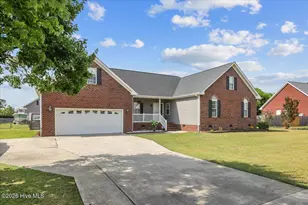105 Pointe Dr, La Grange, NC 28551 - Photo 2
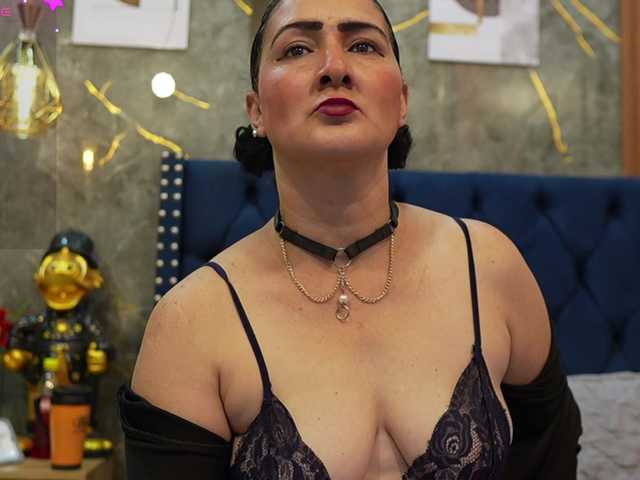 SilverCougar83 live cam preview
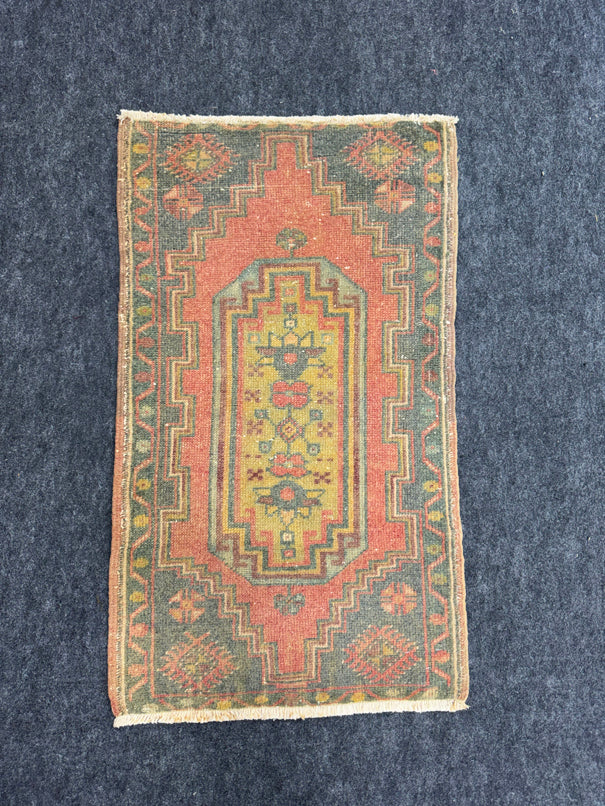 Turkish Yastik Rug  1'9" x  2'8" #23937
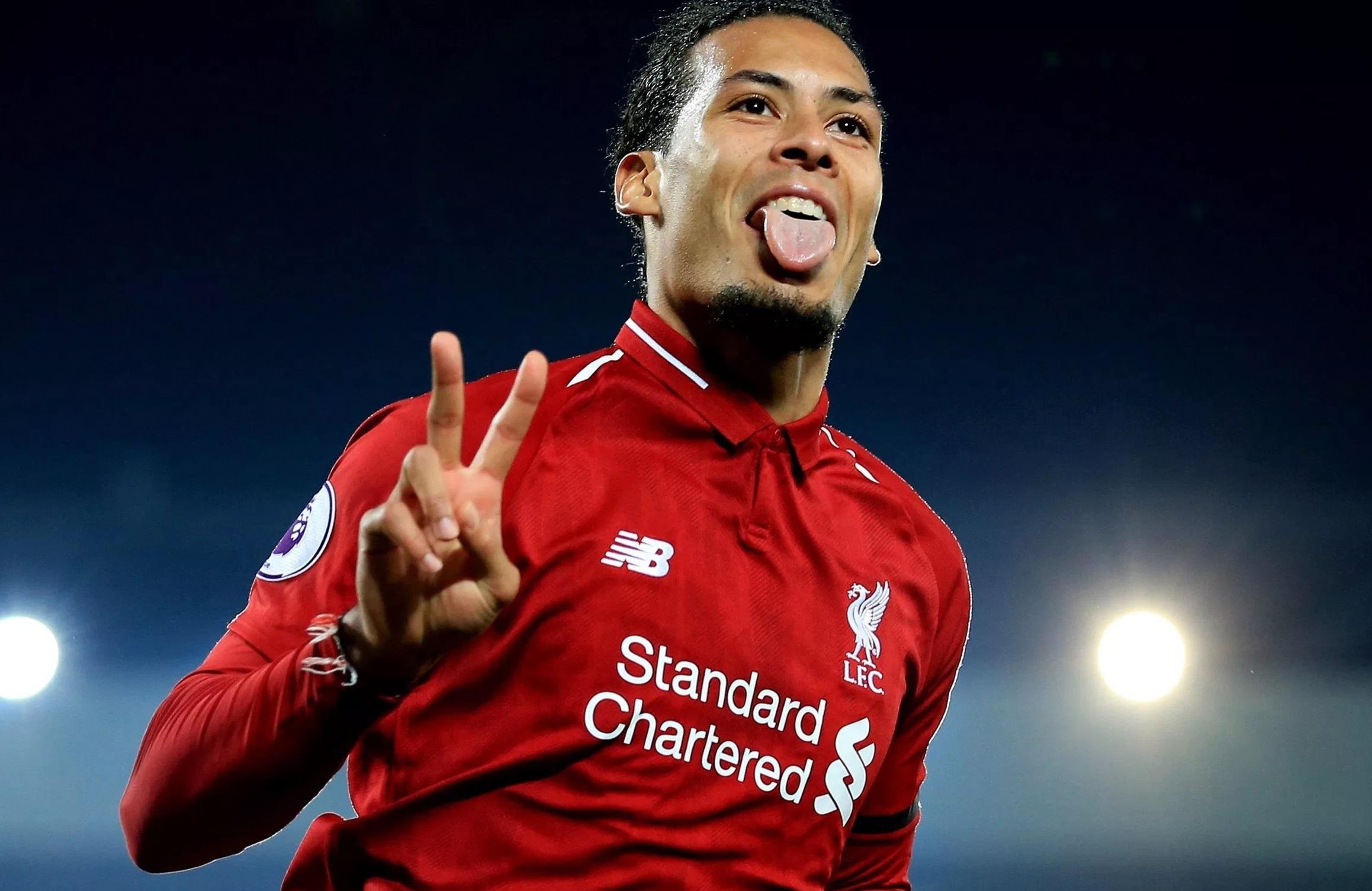 Van Dijk lan dau bi doi thu qua mat sau 65 tran hinh anh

▶ **Your assignment**
Write out the material above exactly. Skip the pictures.

▶ **Exercise response**
105 Pointe Dr, La Grange, NC 28551 - Photo 2
 SilverCougar83 live cam preview
 Turkish Yastik Rug  1'9" x  2'8" #23937
 Van Dijk lan dau bi doi thu qua mat sau 65 tran hinh anh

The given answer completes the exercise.